Microscope à force atomique métrologique
développé au LNE
En France, le LNE est chargé de développer une expertise nationale dans le domaine de la nanométrologie dimensionnelle. Il a donc, dans le cadre d’une thèse dont l'objectif était de mettre en pratique la définition du mètre à l’échelle du nanomètre, réalisé un microscope à force atomique métrologique (mAFM), qui constituera la référence nationale française. Cet AFM, entièrement conçu au LNE, met en œuvre de nouvelles méthodes permettant de diminuer les niveaux d’incertitude existants. L’instrument permet des courses de déplacement de 60 µm suivant les directions horizontales et 15 µm dans la direction verticale. Les déplacements relatifs de la pointe par rapport à l’échantillon sont mesurés en utilisant des interféromètres différentiels étalonnés ; l’incertitude associée à cette mesure est de l’ordre du nanomètre pour la totalité de la gamme de déplacement : les incertitudes de mesure de la position de la pointe par rapport à l’échantillon sont de l’ordre du nanomètre.
Les travaux réalisés au cours de cette thèse ont été guidés par la préoccupation de réduire les facteurs prépondérants du bilan d’incertitudes de l’instrument, à savoir : l’erreur d’Abbe, la mesure interférométrique et les effets thermiques.
Sur le premier point, la conception d’une platine de guidage en translation à lames flexibles possédant trois degrés de liberté permet de minimiser l’erreur d’Abbe.

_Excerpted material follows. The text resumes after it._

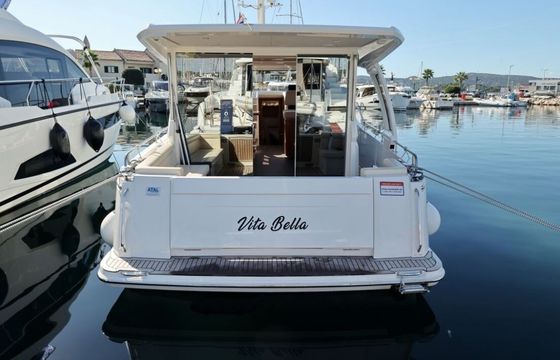 Motorboat Greenline 39 370hp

Les rotations parasites mesurées sur les prototypes sont de l’ordre du microradian sur l’ensemble de la gamme de déplacement. Elles sont inférieures aux erreurs de guidages des platines de guidage disponibles dans le commerce.

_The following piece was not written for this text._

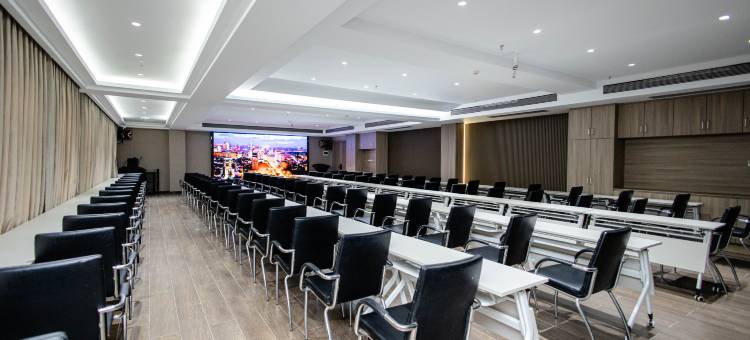 艺龙安云酒店(南通濠河景区钟秀西路地铁站店)图片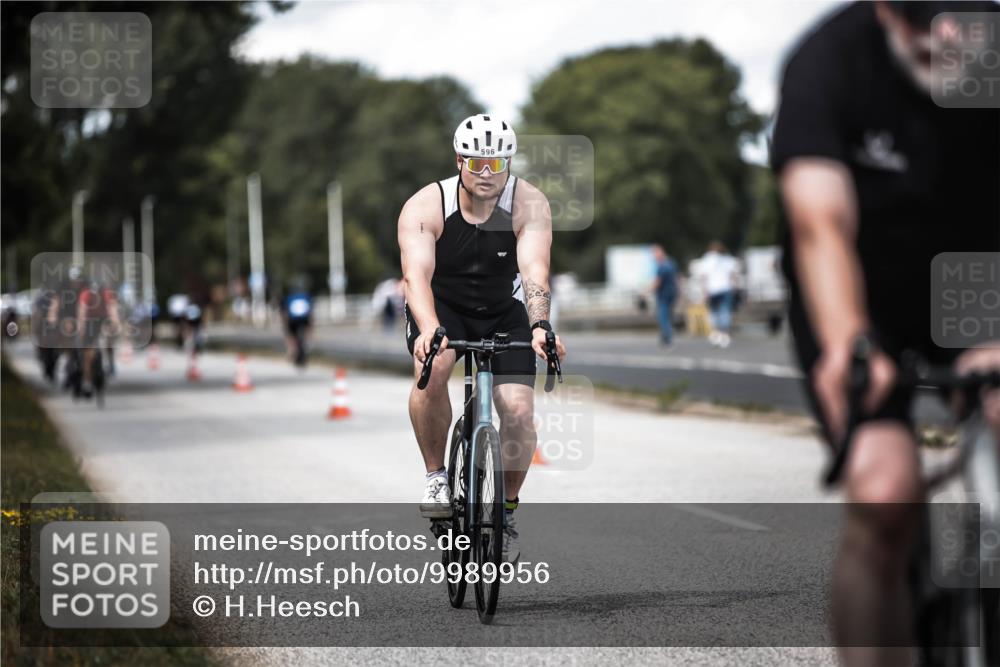 16.08.2026 - KN Förde Triathlon 2026 H.Heesch http://msf.ph/oto/9989956 16.08.2026 13:23:41 Radfahren 596, 608, 740, 747 meine-sportfotos.de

Concernant le deuxième aspect, de gros efforts ont été fournis afin de mettre en place un environnement dans lequel les mesures interférométriques sont les plus stables et les plus exactes possibles. Par ailleurs, une démarche expérimentale a été adoptée pour tester, mesurer et simuler le processus de mesure des interféromètres différentiels utilisés. Les niveaux de dérive obtenus sont excellents pour un AFM métrologique qui fonctionne à l’air ambiant.

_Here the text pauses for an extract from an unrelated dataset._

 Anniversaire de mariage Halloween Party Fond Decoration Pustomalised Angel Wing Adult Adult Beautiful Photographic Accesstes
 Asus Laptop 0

Enfin, la prise en compte des perturbations thermiques potentielles sur la mesure a été traitée lors de la conception du mAFM, minimisant ce point dans le bilan d’incertitude prévisionnel. La température est très homogène dans l’instrument et permet de favoriser un mode de dilatation qui ne perturbe pas trop le résultat de mesurage. Les stabilités en température mesurées sur l’AFM sont très bonnes et permettent de réduire l’amplitude des dilatations résiduelles et leur rang dans le bilan d’incertitude.
Les premières mesures réalisées sont présentées dans le manuscrit. Elles permettent de vérifier expérimentalement les hypothèses et les choix de conception. Ces résultats ont été ensuite utilisés afin de dresser un bilan d’incertitude prévisionnel qui regroupe les principales contributions perturbant le procédé de mesure.
Dans la mesure où l’instrument a été conçu avec une tête fixe, il est possible de la remplacer par n’importe quel autre type de capteur (SNOM, STM, microscope interférométrique…). Cet aspect ouvre des perspectives intéressantes, en rendant possible l’association aux mesures dimensionnelles traçables, de mesures d’une autre grandeur (électrique, mécanique, magnétique…). Le mAFM pourrait ainsi devenir un instrument métrologique multigrandeur à l’échelle nanométrique.